Blog / Engineering

ClickHouse vs. Elasticsearch: The Mechanics of Count Aggregations

Tom Schreiber

May 7, 2024

In another blog post, we examined the performance of ClickHouse vs. Elasticsearch on a workload commonly present in large-scale data analytics and observability use cases – count(*) aggregations over billions of table rows. We showed that ClickHouse vastly outperforms Elasticsearch for running aggregation queries over large data volumes. Specifically:

Count(*) aggregation queries in ClickHouse utilize hardware highly efficiently, resulting in at least 5 times lower latencies for aggregating large data sets compared to Elasticsearch. This requires smaller and 4 times cheaper hardware for comparable Elasticsearch latencies.

For these above-mentioned reasons, we increasingly see users migrating from Elasticsearch to ClickHouse, with customer stories highlighting:

Highly reduced costs in petabyte-scale observability use cases:

“Migrating from Elasticsearch to ClickHouse, reduced the cost of our Observability hardware by over 30%.” Didi Tech

Lifts in technical limitations of data analytics applications:

“This unleashed potential for new features, growth and easier scaling.” Contentsquare

Drastic improvements in scalability and query latencies for monitoring platforms:

“ClickHouse helped us to scale from millions to billions of rows monthly.”
“After the switch, we saw a 100x improvement on average read latencies” The Guild

You will likely wonder, "Why is ClickHouse so much faster and more efficient than Elasticsearch?" This blog will give you an in-depth technical answer to this question.

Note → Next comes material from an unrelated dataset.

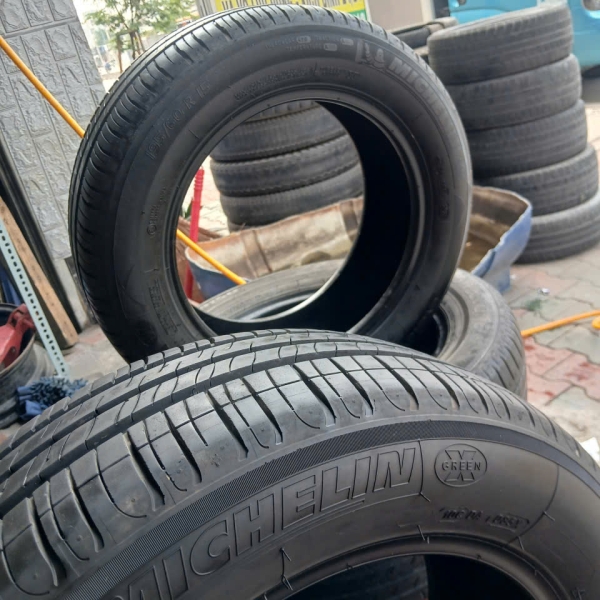 VỎ MICH LƯỚT 195/60R15 MỚI 97%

A common use case for aggregation in data analytics scenarios is calculating and ranking the frequency of values in a dataset. As an example, all data visualizations in this screenshot from the ClickPy application (analyzing almost 900 billion rows of Python package download events) use a SQL GROUP BY clause in combination with a count(*) aggregation under the hood:

Similarly, in logging use cases (or more generally observability use cases), one of the most common applications for aggregations is to count how often specific log messages or events occur (and alerting in case the frequency is unusual).

The equivalent to a ClickHouse SELECT count(*) FROM ... GROUP BY ... SQL query in Elasticsearch is the terms aggregation, which is an Elasticsearch bucket aggregation.

ClickHouse’s GROUP BY with a count(*) and Elasticsearch’s terms aggregation are generally equivalent in terms of functionality, but they differ widely in their implementation, performance, and result quality, as described below.

We compare the performance of count aggregations in an accompanying blog post.

In addition to bucket aggregations, Elasticsearch also provides metric aggregations. We will leave a comparison of ClickHouse and Elasticsearch for metric use cases for another blog.

ClickHouse was built from the very beginning to filter and aggregate internet-scale data as quickly and efficiently as possible. To do so, ClickHouse parallelizes SELECT queries, including aggregation functions like count(*) and all other 90+ aggregation functions at the level of ① column values, ② table chunks, and ③ table shards:

ClickHouse utilizes the CPU's SIMD units (e.g. AVX512) to apply the same operations to consecutive values in a column. This blog post details how this works.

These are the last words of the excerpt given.